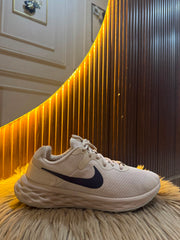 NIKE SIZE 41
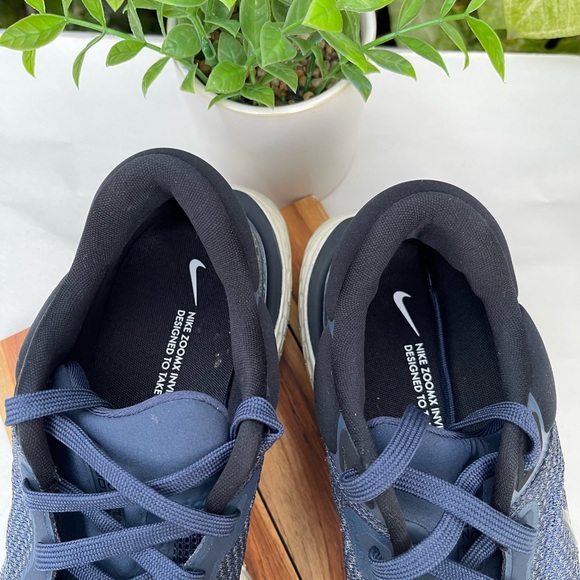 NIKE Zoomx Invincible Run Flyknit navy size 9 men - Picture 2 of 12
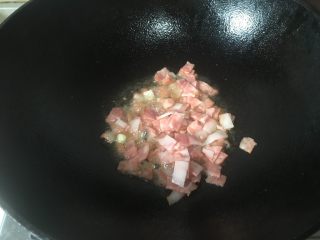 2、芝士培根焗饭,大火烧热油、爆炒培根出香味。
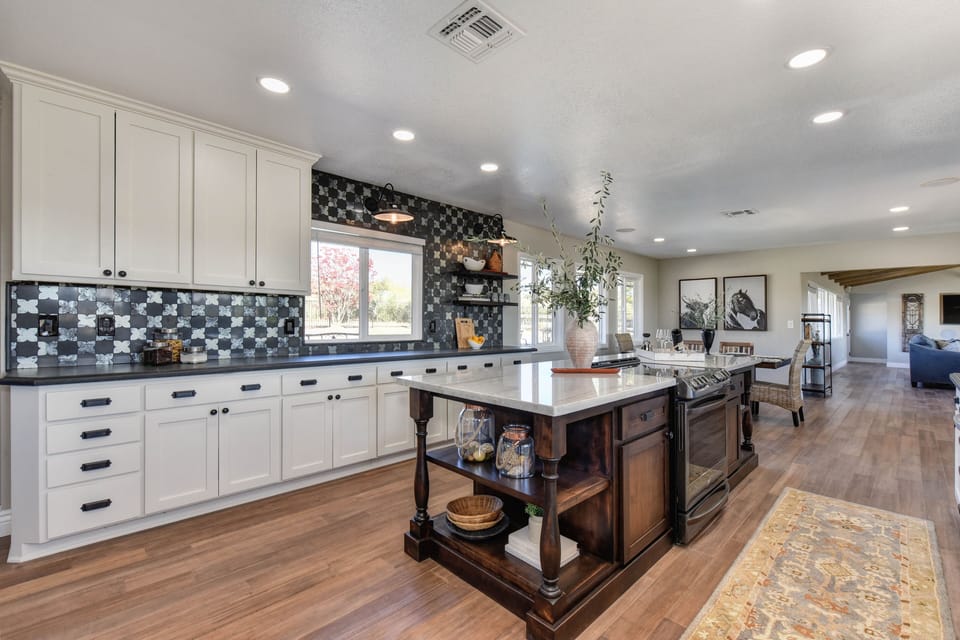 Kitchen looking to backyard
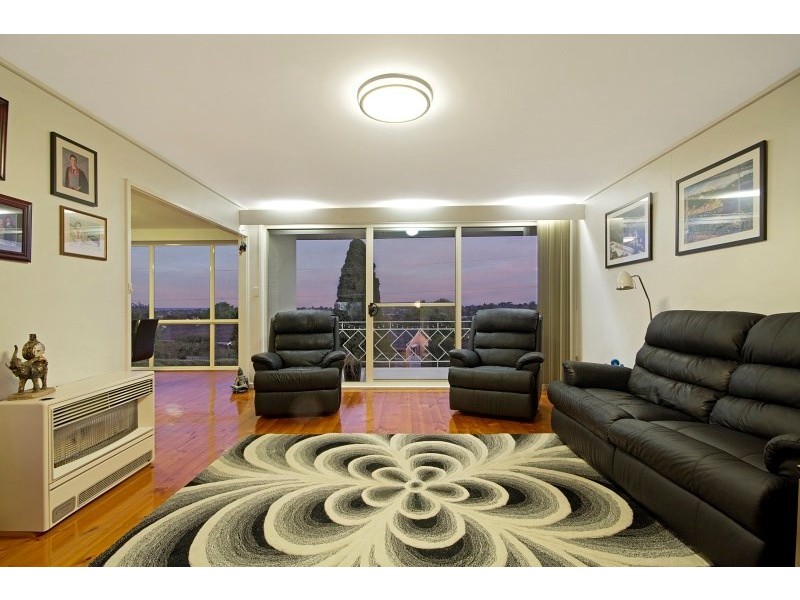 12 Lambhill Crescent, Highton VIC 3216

================================

Task:
The records above should be duplicated exactly, with none of their pictures kept.

Task solution:
 NIKE SIZE 41
 NIKE Zoomx Invincible Run Flyknit navy size 9 men - Picture 2 of 12
 2、芝士培根焗饭,大火烧热油、爆炒培根出香味。
 Kitchen looking to backyard
 12 Lambhill Crescent, Highton VIC 3216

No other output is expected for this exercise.